Dataset excerpts
※
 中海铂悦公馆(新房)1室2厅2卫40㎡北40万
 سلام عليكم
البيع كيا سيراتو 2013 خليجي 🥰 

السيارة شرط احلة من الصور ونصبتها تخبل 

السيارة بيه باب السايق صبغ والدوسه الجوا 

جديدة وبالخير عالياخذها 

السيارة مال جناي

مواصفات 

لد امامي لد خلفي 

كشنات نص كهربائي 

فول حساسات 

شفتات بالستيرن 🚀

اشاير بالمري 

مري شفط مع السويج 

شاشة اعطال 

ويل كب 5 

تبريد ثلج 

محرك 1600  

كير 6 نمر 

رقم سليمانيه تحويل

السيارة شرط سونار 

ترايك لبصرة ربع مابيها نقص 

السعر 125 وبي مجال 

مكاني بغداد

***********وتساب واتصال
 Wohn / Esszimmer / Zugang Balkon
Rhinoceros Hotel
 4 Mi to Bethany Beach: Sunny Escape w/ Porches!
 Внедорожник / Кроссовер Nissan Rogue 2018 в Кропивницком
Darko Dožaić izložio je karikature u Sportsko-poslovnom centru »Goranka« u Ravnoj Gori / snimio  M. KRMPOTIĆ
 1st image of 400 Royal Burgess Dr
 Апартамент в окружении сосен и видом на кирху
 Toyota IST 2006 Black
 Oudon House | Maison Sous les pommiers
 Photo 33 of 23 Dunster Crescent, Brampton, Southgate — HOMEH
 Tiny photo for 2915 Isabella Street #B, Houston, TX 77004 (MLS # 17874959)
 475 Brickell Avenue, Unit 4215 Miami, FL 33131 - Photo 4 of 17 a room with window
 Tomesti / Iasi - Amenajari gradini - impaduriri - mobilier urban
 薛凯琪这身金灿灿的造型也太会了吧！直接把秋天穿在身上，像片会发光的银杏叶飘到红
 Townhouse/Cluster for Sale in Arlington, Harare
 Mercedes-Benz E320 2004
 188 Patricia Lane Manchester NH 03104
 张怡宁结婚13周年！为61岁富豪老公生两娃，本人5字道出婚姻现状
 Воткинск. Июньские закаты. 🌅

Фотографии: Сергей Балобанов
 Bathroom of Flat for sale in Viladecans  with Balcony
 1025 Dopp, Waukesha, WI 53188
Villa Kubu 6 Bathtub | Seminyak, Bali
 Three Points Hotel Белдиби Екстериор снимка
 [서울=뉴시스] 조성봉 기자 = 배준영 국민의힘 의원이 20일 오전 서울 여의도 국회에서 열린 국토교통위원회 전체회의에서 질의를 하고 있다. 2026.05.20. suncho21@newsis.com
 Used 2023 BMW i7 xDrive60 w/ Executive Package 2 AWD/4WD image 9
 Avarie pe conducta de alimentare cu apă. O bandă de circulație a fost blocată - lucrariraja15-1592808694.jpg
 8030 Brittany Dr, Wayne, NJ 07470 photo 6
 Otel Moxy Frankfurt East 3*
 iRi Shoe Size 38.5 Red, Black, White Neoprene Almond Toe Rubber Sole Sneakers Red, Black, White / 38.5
※
Your answer must be a single number: the count of lines in the data that contain the string "السيارة".

Answer
4